Of the questions we put in the
questionnaire, there is a question asking the respondents to expression their
own opinion about what we students can do in order to reduce Child Labor. Due
to their response, there are two main good solutions to reduce child. They say
that both government and all people of the country have to think and find way
to tackle with the problem. Firstly, the government should reinforce the Labor
Law by putting pressure on those who benefit from child labor and promoting
children’s right. This means that the government should make it effective to get
all people to adhere to the law. If, for example, the minimum age, determined
by the law, at which children can work is 18 years old, the government should
make sure that there are no children under that age go to work. Moreover, the
main cause of child labor, as we know, is poverty. The government, therefore,
should also deal with this problem using poverty reduction policies. One of the
best ways proposed by those respondents to the government in order to eliminate
child labor is through education. In rural areas where there are a lot people poor
people, children are likely to give up their study at the young age because
they need to work for survival, and some children, whose parents are farmers,
are supposed to help their parents in the field. Because of this problem, the
government, other agencies of the government and some non-governmental organization
should help raise the awareness of the consequences of child labor as well as
the significances of education. Far more than this, we students should also
actively contribute to the society in helping eliminate child labor by
volunteering and supporting the public information campaigns run by those
institutions. We are very important in disseminating the information to our
family, relatives, friends, neighbors, and local residents in our community.
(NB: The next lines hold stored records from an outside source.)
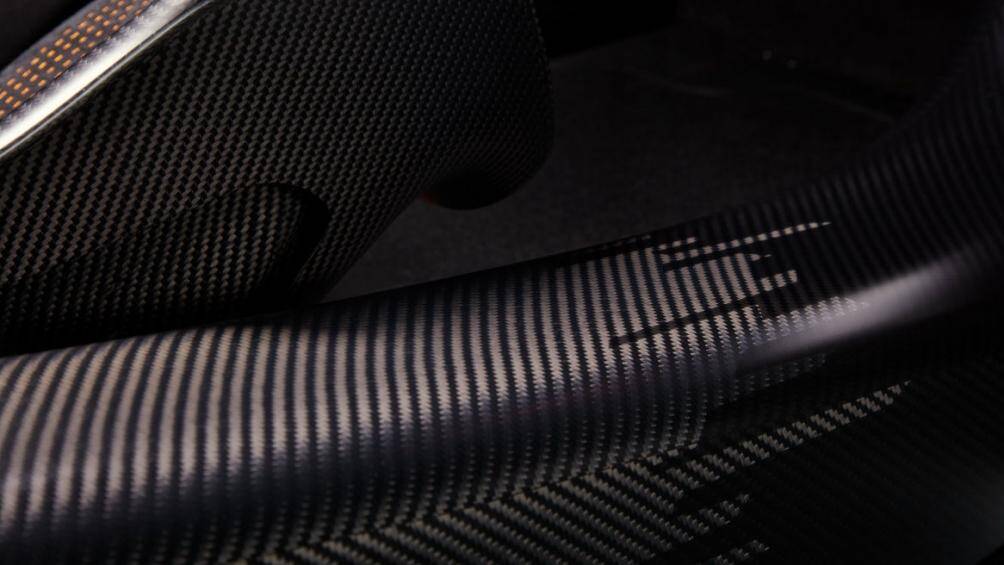 Ngoài màu sơn đặc biệt, chiếc McLaren 765LT này còn sở hữu cho mình ngoại thất được ốp sợi carbon ở các chi tiết như hốc đèn, cản trước, cản sau, cánh gió...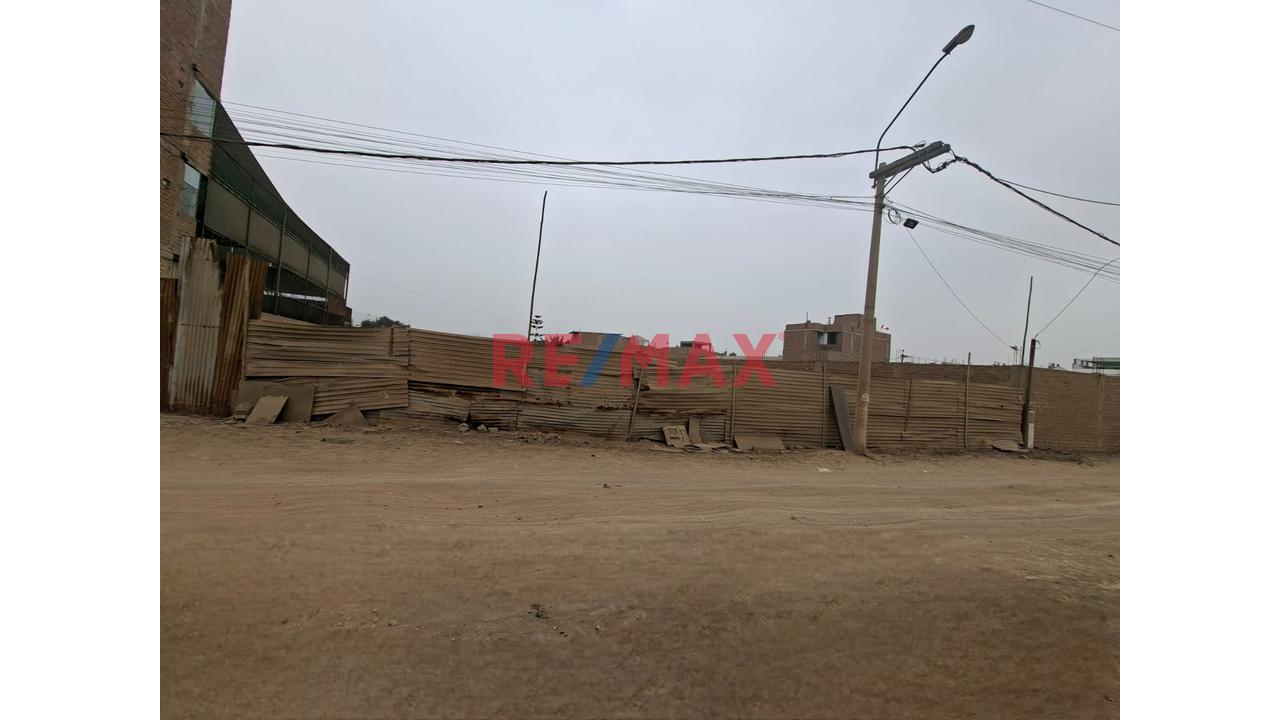 Exclusiva Oportunidad De Inversión: Terreno De 932.40 M² En Puente Piedra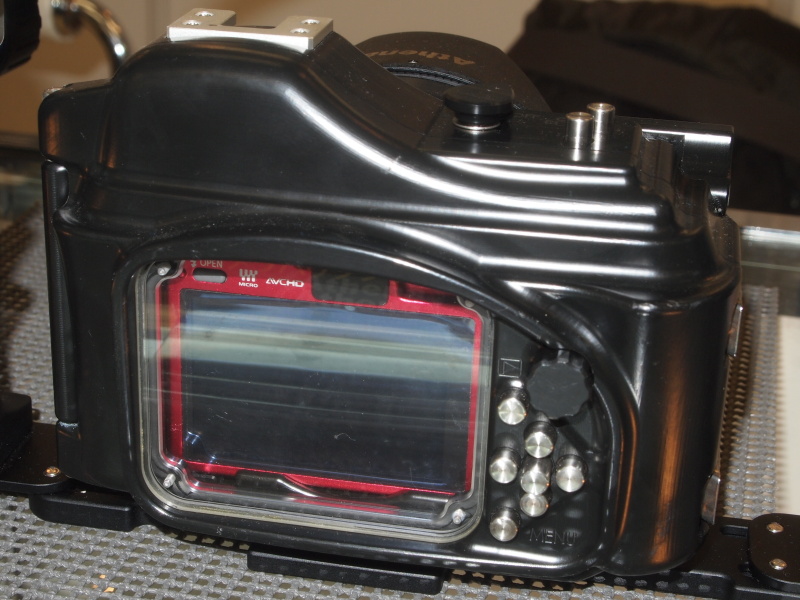 <b>背面右手側のダイヤルも回転・押し込みともに操作可能</b>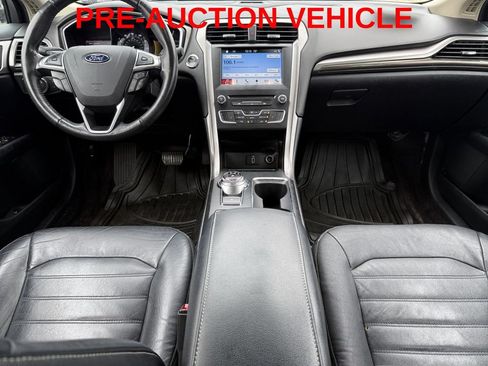 Used 2017 Ford Fusion SE w/ Fusion SE Technology Package FWD image 13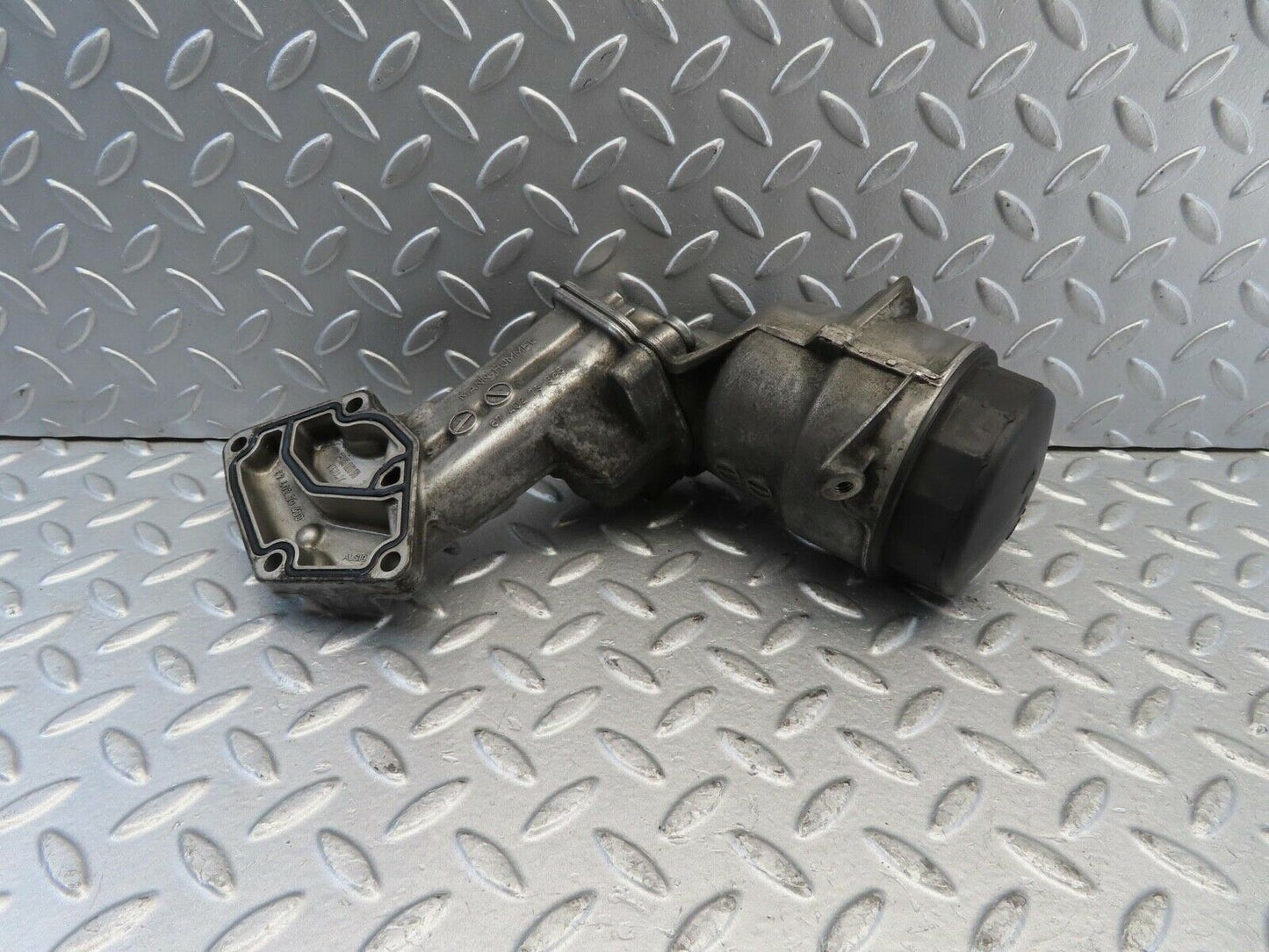 11285 Mercedes-Benz W221 S320 Engine Oil Filter Housing 6740273366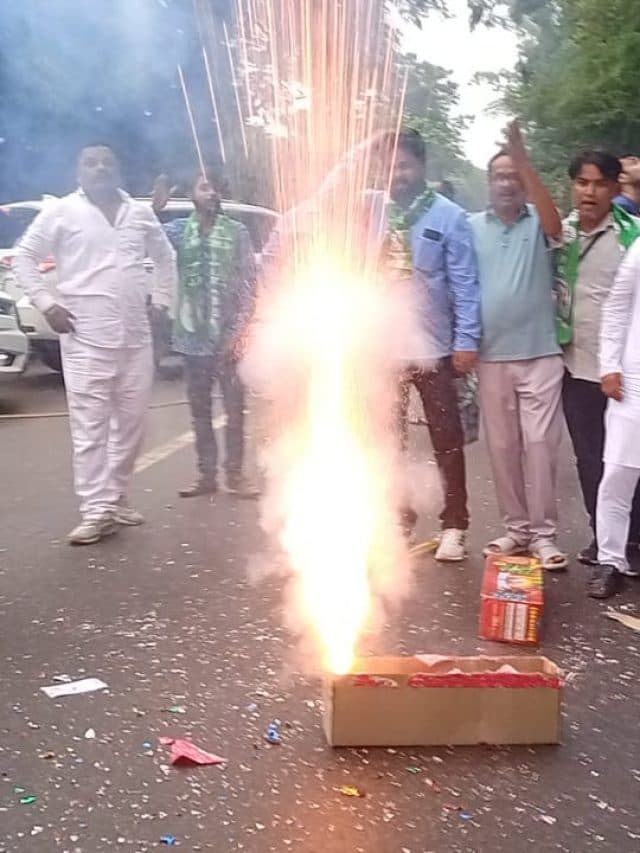 हेमंत सोरेन के मुख्यमंत्री बनने के बाद समर्थकों ने मनाया जश्न, जमकर फोड़े पटाखे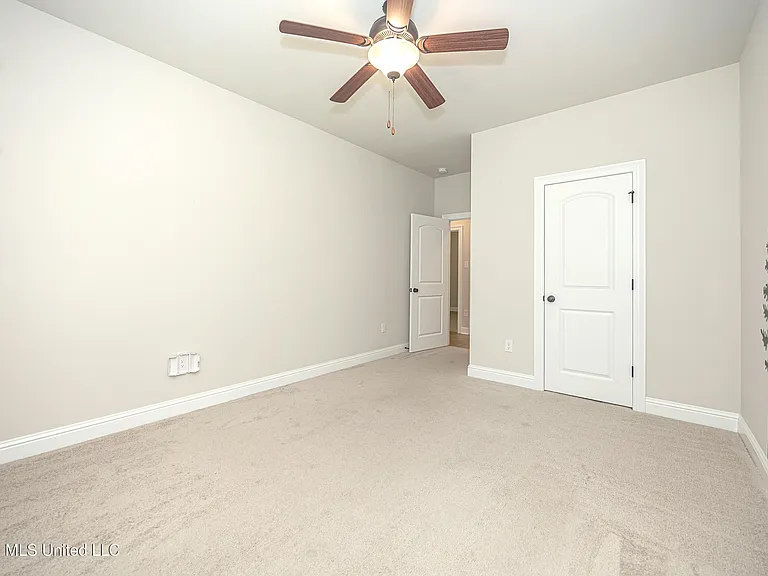 6995 Osprey Dr — Photo 49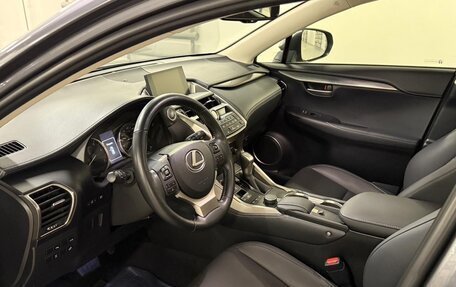 Lexus NX I, 2017 год, 2 920 000 рублей, 10 фотография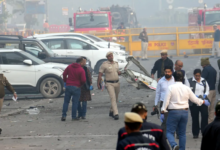 Photo of रेड फोर्ट ब्लास्ट: पुलिस ने यूएपीए और विस्फोटक अधिनियम के तहत दर्ज की FIR, कई जगहों पर छापेमारी; हाई अलर्ट पर दिल्ली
Far more than this, if all of us work together, resolutely and optimistically on
this issue, Child labor will be eliminated in the near future.
In short, we can say that Child labor is
one of the major problems that need to be eliminated if we want to see our
country develops and to help people escape from poverty. In order to attain
this goal, we students have to do something beneficial that can help raise
people’s awareness about the issue and the importance of education to their
future life. It should be noted that poverty raise child labor, and child labor
creates poverty vice versa, so the root of child labor is poverty and the
consequence of child labor is also poverty.